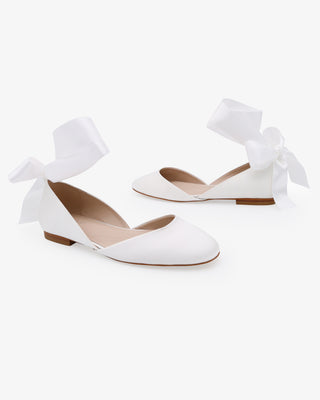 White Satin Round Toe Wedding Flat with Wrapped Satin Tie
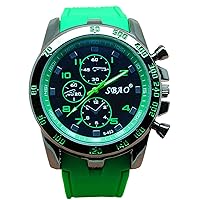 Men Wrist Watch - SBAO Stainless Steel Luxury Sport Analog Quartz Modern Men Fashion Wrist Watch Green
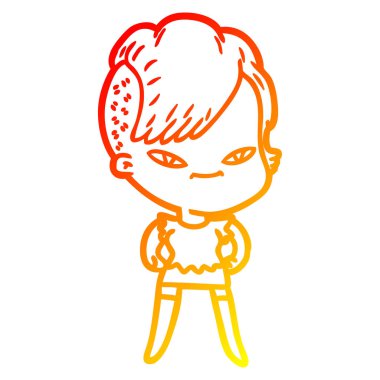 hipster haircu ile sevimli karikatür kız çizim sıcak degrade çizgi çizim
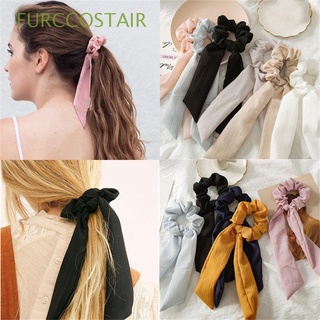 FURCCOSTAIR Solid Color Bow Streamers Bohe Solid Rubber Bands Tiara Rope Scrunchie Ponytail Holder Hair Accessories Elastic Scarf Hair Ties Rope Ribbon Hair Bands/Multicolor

**********

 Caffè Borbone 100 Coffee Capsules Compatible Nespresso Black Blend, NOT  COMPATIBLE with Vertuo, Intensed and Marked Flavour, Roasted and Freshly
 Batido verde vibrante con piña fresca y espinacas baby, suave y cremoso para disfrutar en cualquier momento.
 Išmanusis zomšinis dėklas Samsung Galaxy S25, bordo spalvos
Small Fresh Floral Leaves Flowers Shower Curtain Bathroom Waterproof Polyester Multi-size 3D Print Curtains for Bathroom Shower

**********

__Assignment__: Copy the lines above between the one holding "Men Wrist Watch" and the one holding "FURCCOSTAIR Solid Color", inclusive. Drop the pictures.

__Answer for this exercise__:
 Men Wrist Watch - SBAO Stainless Steel Luxury Sport Analog Quartz Modern Men Fashion Wrist Watch Green
 hipster haircu ile sevimli karikatür kız çizim sıcak degrade çizgi çizim
 FURCCOSTAIR Solid Color Bow Streamers Bohe Solid Rubber Bands Tiara Rope Scrunchie Ponytail Holder Hair Accessories Elastic Scarf Hair Ties Rope Ribbon Hair Bands/Multicolor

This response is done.